Chuck Strahl Fraser Valley East, BC

Madam Speaker, it is good to speak to this amendment today. It is an important one. I do not know if it slipped in without being noticed by the government but for some reason the government has seen fit to leave it in here.

It is concerned about one of those rising free trade issues of all times, the case where used textbooks could slip across the border in incredible numbers, flooding the market with cheap textbooks. It happens all the time that thousands of businesses go broke. Every day I get phone calls about this.

The reason it is a concern is that this specifically mentions university textbooks of a scientific, technological or scholarly nature. This provision is in there in case used textbooks become a problem. Again, I can hardly imagine that happening. Even if it were to become a so-called problem, what a delightful problem it would be.

I was in university for a while. The reasons I left will be left not discussed today. I was in university for some time. What does a person do when they get into university? The first thing they do is get courses assigned and textbooks.

People get their textbooks. They rush down because there is always a certain number of used textbooks available. They are available for first come, first serve. They are half price. If a person charges in there, they can get a scientific novel, a dissertation that is already highlighted and ready to go at half price.

When talking about a $1,600 bill for textbooks, what a plum to know there are plenty of textbooks, hopefully a plethora of textbooks, a cacophony, lots of textbooks all available at half price.

The member from Peace River asked what the number one priority is of a student. There is no doubt what the number one priority is. It is scholarly activity.

Jana is one of the many pages who serve us in the House of Commons. They do a wonderful job. I asked this young lady what her priorities are, what is catching her attention these days. They are getting near the end of term. They are here on a scholarly enterprise. They are here to learn and they also learn in university.

"I live to work at my scholarly activities". I said: "You look a little tired this morning. Is it possible that you have been working too hard?" She said yes, she had been working too hard. She had been up to three o'clock in the morning studying some obscure topic that probably most of us would not even understand.

I am sure that with the use of a textbook and friends of both sexes they worked together to get to the studies at hand, using every asset at her disposal and pouring herself into her work. I was impressed. I am sure that at about one or two o'clock this morning she was thinking to herself "where are those used textbooks?" It was weighing heavily on her heart. I am sure she was thinking "if they cut off the supply of used textbooks, what shall I do, I will have no opportunity to further my education". She could be relegated to spending evenings in fruitless activities or who knows what.

I think of Jana when I think of this clause. I think what a sad thing it would be if this clause were to pass unamended. It would make it impossible for her to use any of these used books.

I jest somewhat of course. However, the intent of my remarks is sound. People going to university have a limited income, limited access to books. Almost all of them are striving to make ends meet and it is a tough job. These pages here are just like everyone else. They are trying to make ends meet as well.

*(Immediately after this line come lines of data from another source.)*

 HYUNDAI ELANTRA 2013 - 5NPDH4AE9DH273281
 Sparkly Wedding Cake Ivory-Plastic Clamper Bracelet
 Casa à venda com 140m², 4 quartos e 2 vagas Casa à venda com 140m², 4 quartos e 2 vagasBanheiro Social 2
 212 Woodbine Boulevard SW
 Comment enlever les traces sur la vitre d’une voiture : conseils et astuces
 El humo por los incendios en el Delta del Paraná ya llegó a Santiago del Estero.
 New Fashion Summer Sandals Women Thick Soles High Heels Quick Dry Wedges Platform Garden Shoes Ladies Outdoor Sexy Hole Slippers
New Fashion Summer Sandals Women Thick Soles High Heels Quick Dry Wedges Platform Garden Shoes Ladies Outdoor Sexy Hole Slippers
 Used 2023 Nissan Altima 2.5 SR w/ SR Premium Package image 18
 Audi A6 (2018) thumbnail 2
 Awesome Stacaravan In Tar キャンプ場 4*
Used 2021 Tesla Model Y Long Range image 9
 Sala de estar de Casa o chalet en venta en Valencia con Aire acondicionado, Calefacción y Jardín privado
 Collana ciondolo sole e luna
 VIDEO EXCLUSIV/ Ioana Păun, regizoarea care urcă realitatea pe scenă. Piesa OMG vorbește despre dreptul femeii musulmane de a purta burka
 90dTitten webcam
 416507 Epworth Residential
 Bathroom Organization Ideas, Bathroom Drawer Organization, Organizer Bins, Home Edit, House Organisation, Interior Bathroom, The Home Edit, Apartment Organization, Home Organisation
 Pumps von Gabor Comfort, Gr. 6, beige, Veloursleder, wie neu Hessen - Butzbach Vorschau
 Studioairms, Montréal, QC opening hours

Why would we want to restrict the access of used books to these people and others, that it could suddenly become a problem? I do not think people who are attending university need to be concerned about limited access. I say if used books can be found by the bus load, bring them in and sell them at half price, let the students benefit. After all, many scholarly books are only scholarly for that short university period. Let us recycle them, use them up and give the students a break.